Round-up This Week In New Music (21st June 2014)

Neu looks back on the past seven days of new music, with highlights from Broods and Deers.

The collective age of those mentioned in this week’s new music round-up is probably around the 160 mark. If you consider that equates at least 8 people, all in their late teens, early twenties, collectively making some of the most exciting new music on the planet, there’s likely to be a pang of regret about not picking up a guitar and getting a Bandcamp account when you turned 14. If you happen to still be of age to make a go of things, follow in the footsteps of siblings Broods - who made a go of it by writing earnest, direct pop - or best friends Deers (pictured) - who grew up on Ty Segall and made homemade videos on webcams. The lesson taught below is that any chancers who put themselves in the spotlight, so long as they’re themselves and don’t give into self-restraint, are capable of getting the goods.

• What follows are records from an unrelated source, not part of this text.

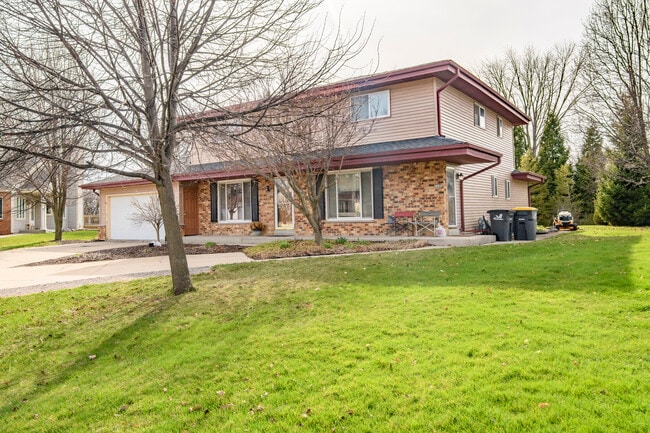 Building Photo - 1602 Stardust Dr
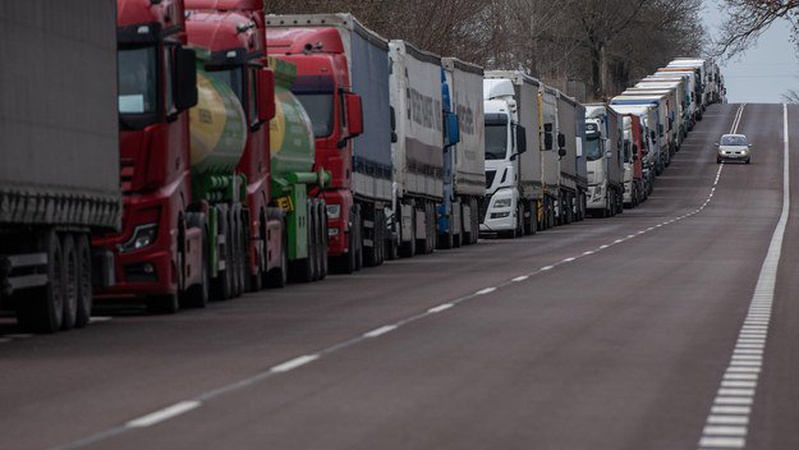 Польські перевізники пришвидшили рух вантажівок на «Ягодині»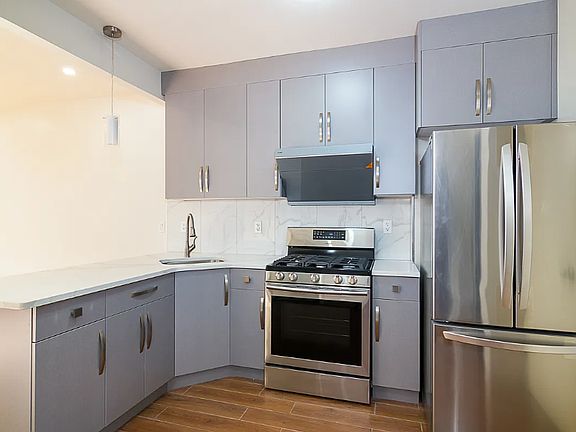 4th image of 42-22 Crescent St #3B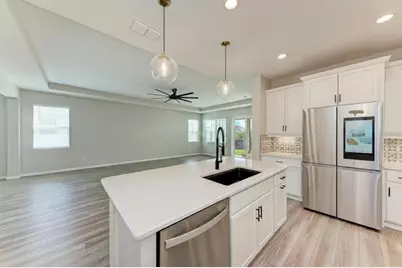 3519 74th Avenue Circle E, Sarasota, FL 34243 - Photo 11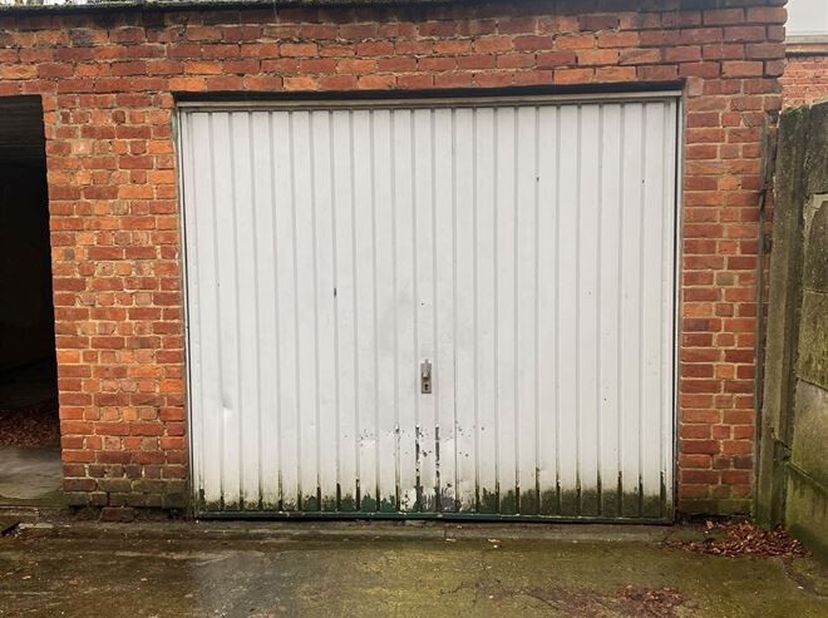 Garagebox met manuele poort te koop op toplocatie te Deurne!&lt;br /&gt;
Ligging: Centrale ligging op de Ruggeveldlaan te Deurne, op wandelafstand van schol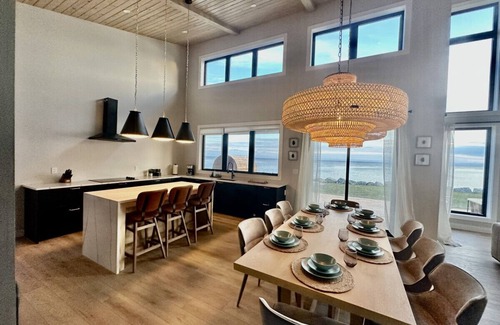 Hunts Point Ski Chalet | Majestic Oceanfront Chalet - Hot tub and Sauna- Private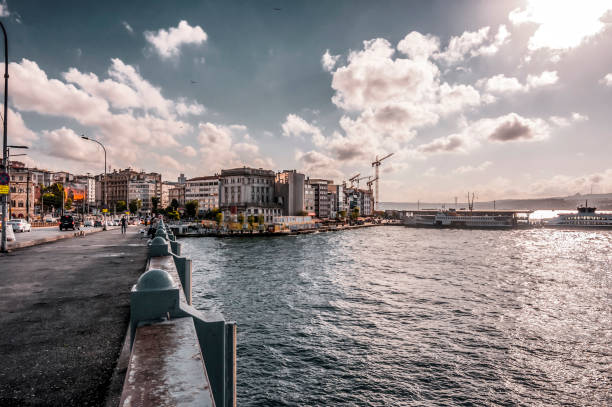 karakoy district van beyoglu, istanboel - karaköy istanbul stockfoto's en -beelden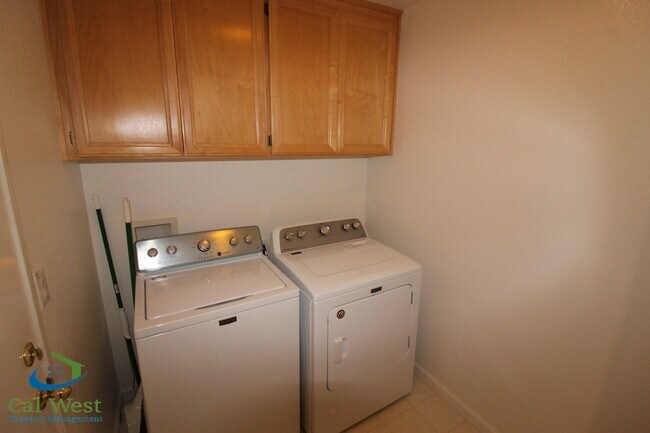 Building Photo - $4,095 - Beautiful 3bd/2.5ba Townhouse in the Palmia Community near Hwy 85 and Cottle!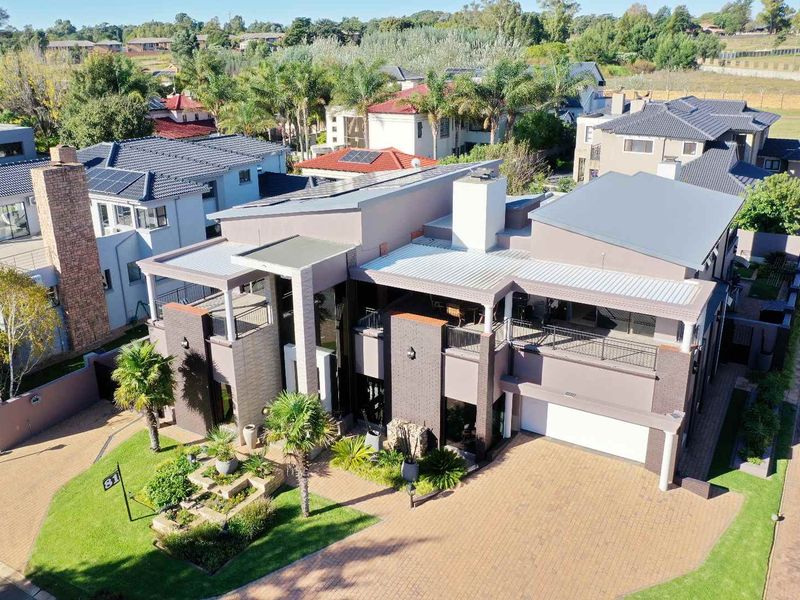 Double-Storey Luxury Masterpiece in Ebotse Golf & Country Estate - Photo 3
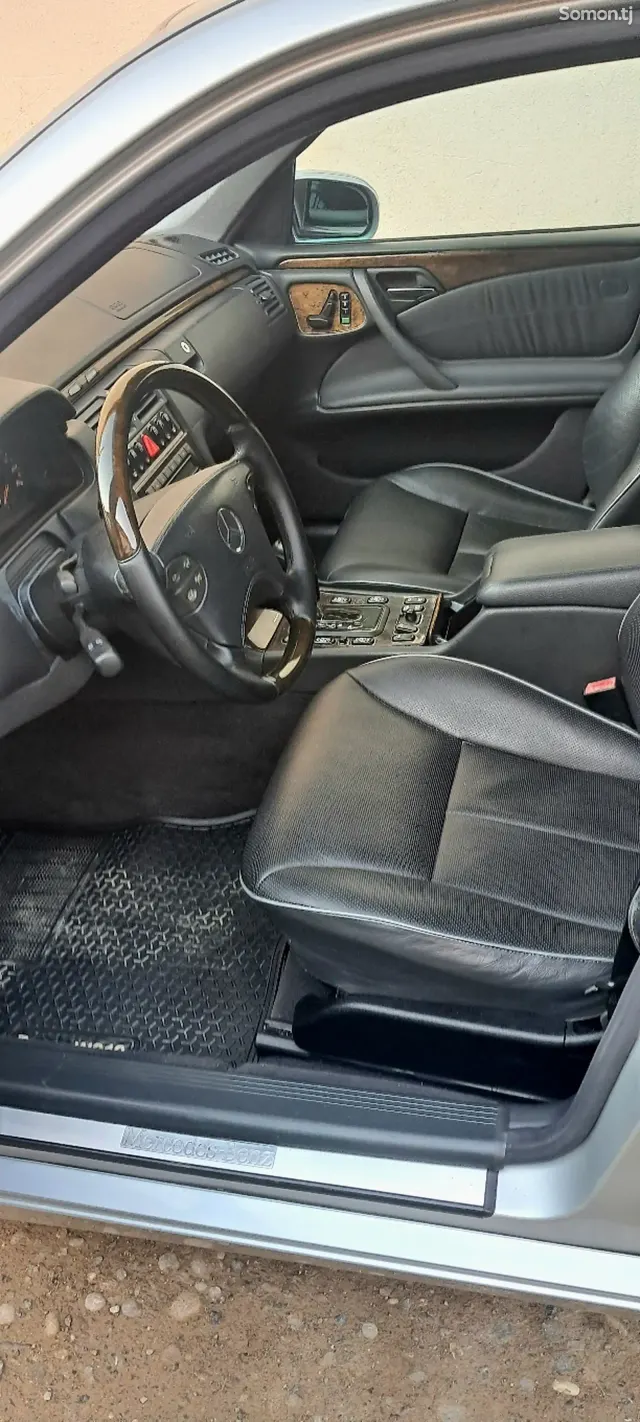 Mercedes-Benz E class 2001 · 3.2 AT
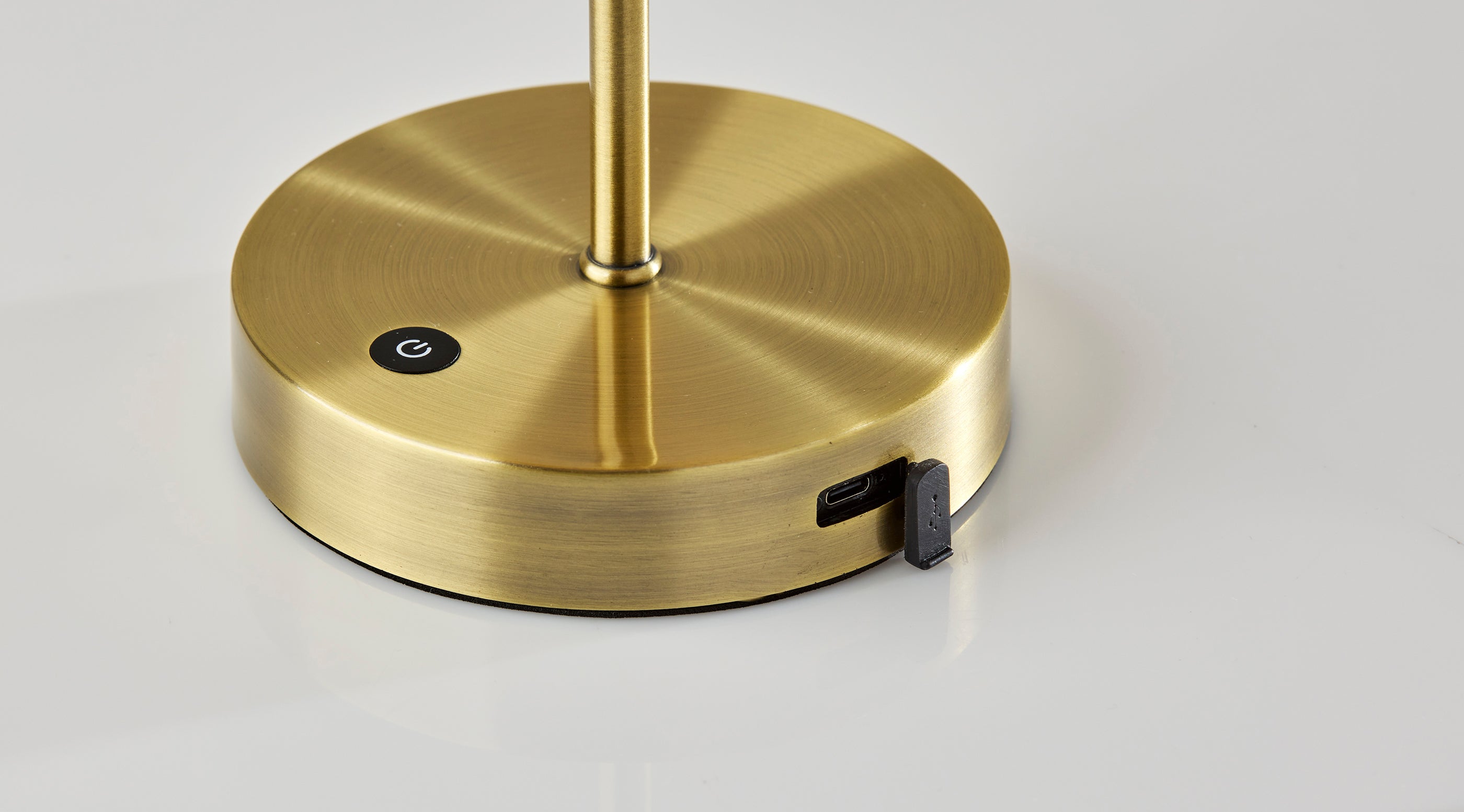 Stevie LED Cordless Table Lamp-Lighting-DECOROLALA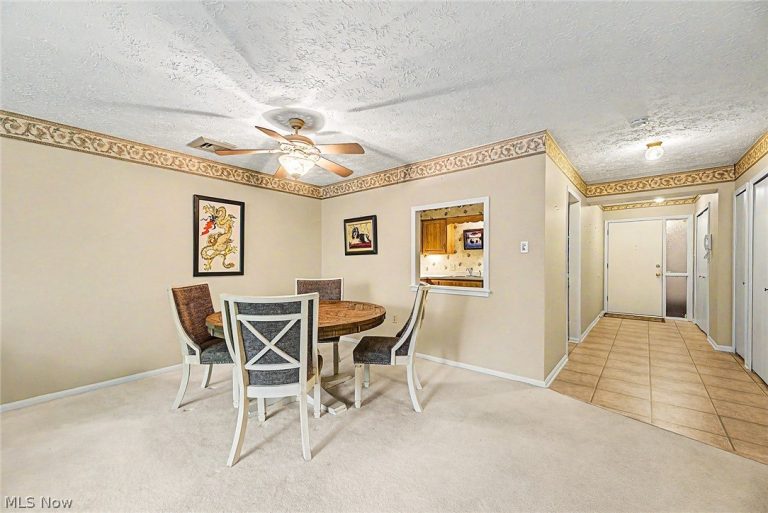 924 Memorial Parkway #207, Akron, OH - Photo 2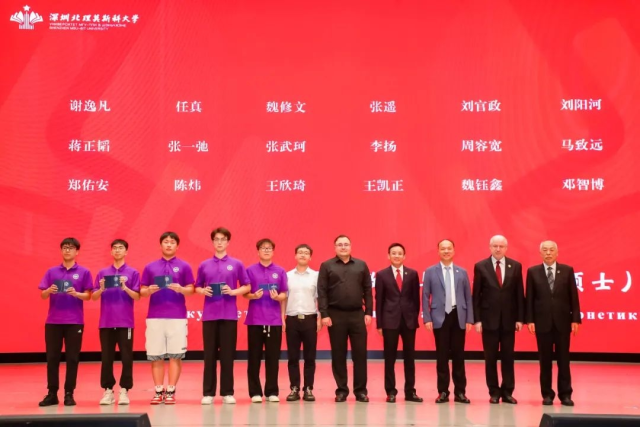 校领导、各系主任为新生代表颁发学生证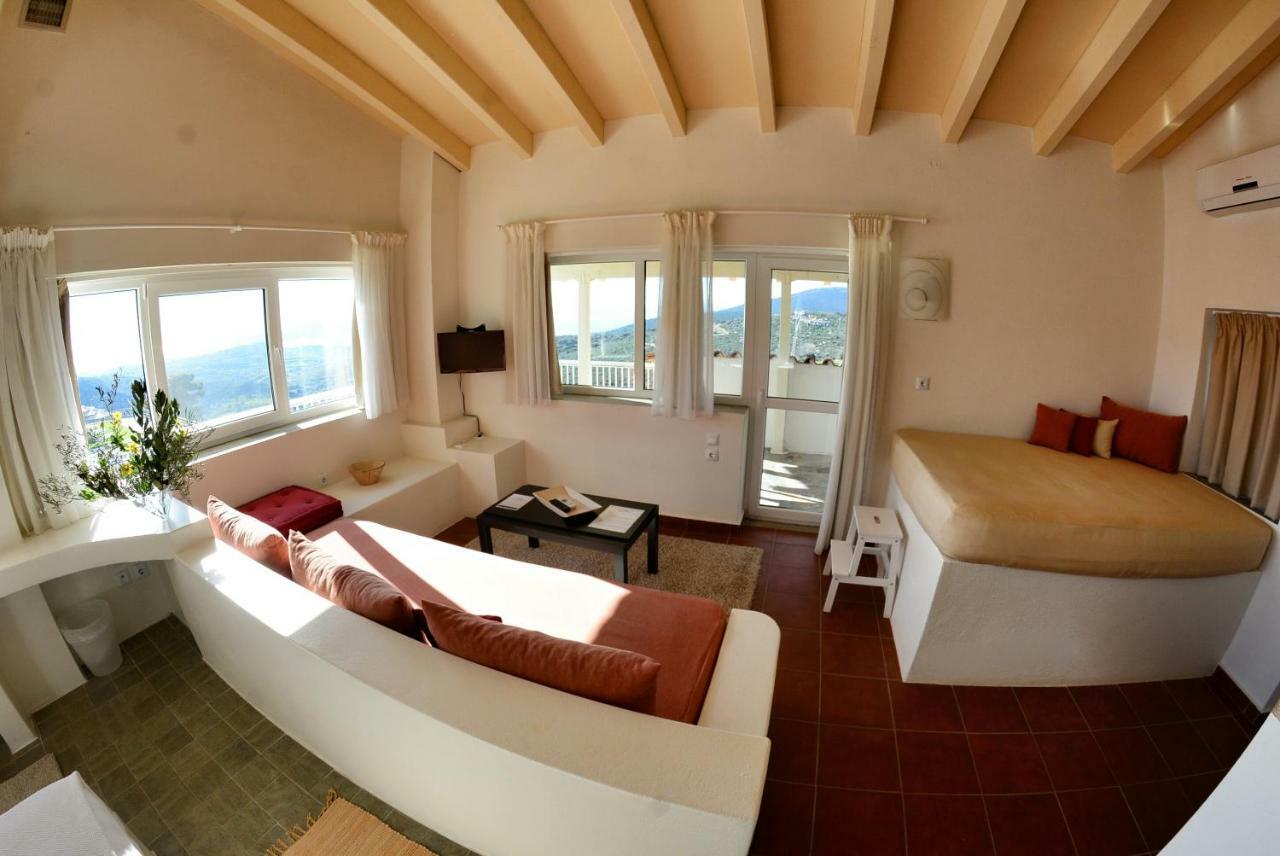 Golden Sea View Apartment Tsakei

Here’s the best of what happened this week in new music:

TRACK OF THE WEEK:
Broods - Mother & Father

Every aspect in New Zealand duo Broods’ journey so far has been documented in song. ‘Coattails’ - the final song on their head-turning debut EP - was about being swept up in the major label business and having to make big decisions. Its de-facto follow-up ‘Mother & Father’ tangles itself up in similar themes, but it’s more personal.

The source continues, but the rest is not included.